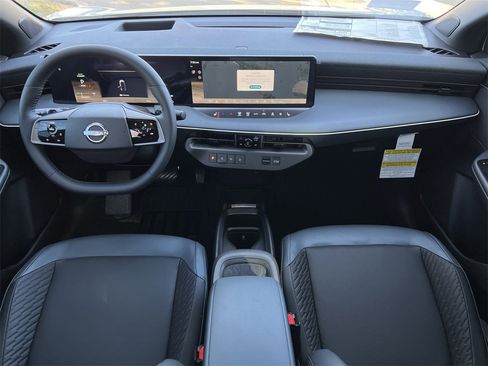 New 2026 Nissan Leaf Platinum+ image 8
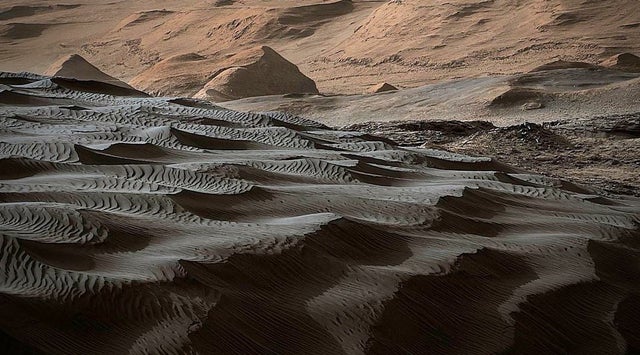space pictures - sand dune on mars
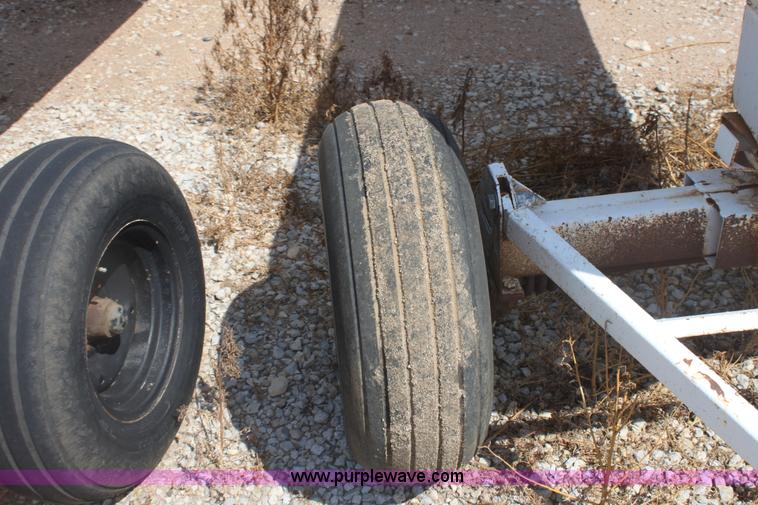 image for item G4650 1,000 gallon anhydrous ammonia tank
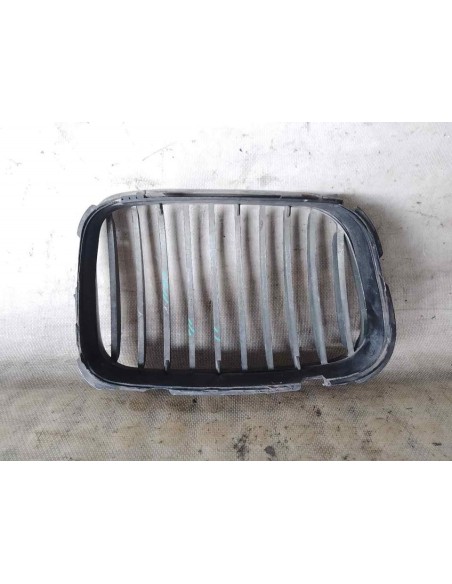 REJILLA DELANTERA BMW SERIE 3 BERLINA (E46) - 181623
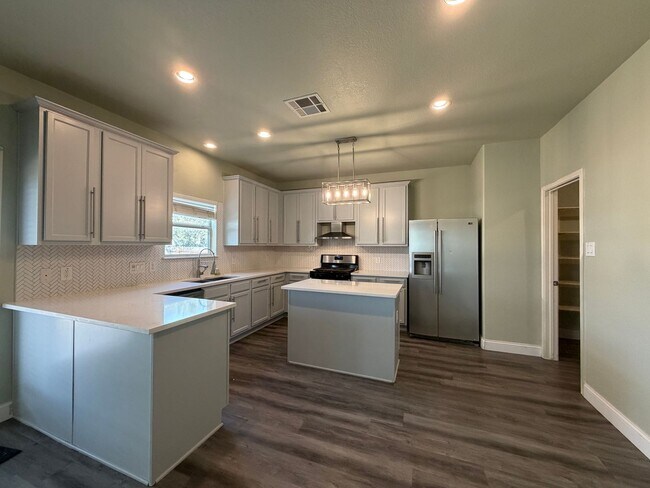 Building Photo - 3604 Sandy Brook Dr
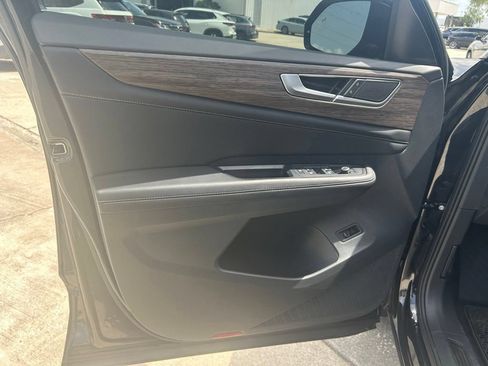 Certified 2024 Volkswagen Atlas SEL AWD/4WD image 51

---

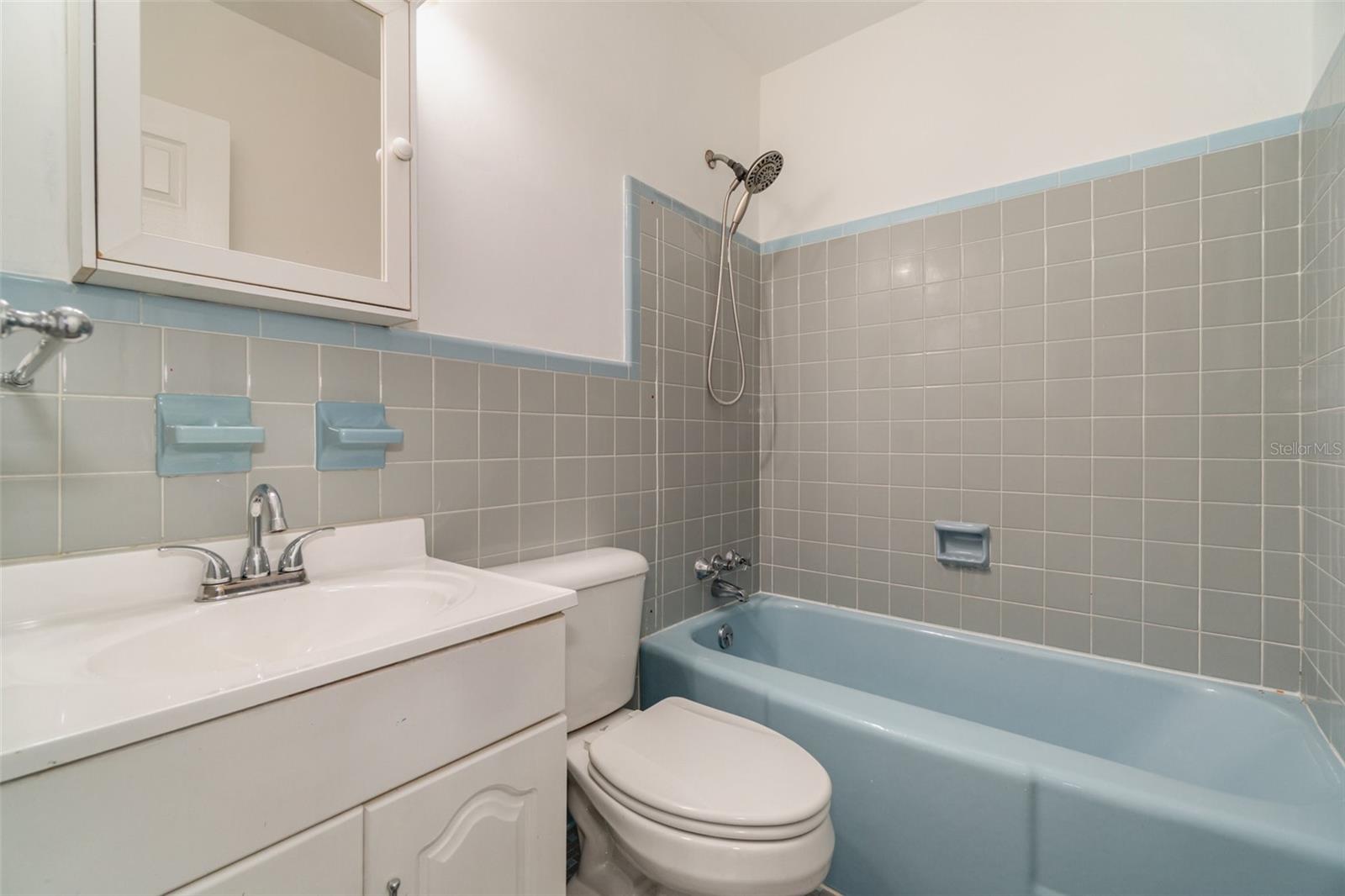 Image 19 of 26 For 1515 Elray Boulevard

* * *

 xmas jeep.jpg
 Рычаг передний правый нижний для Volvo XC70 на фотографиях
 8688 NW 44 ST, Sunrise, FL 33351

* What is expected
The range runs from the line above containing "Рычаг передний правый" to the line containing "8688 NW 44 ST, Sunrise, FL 33351", inclusive. Restate those lines word for word and no others.

* Solution below
 Рычаг передний правый нижний для Volvo XC70 на фотографиях
 8688 NW 44 ST, Sunrise, FL 33351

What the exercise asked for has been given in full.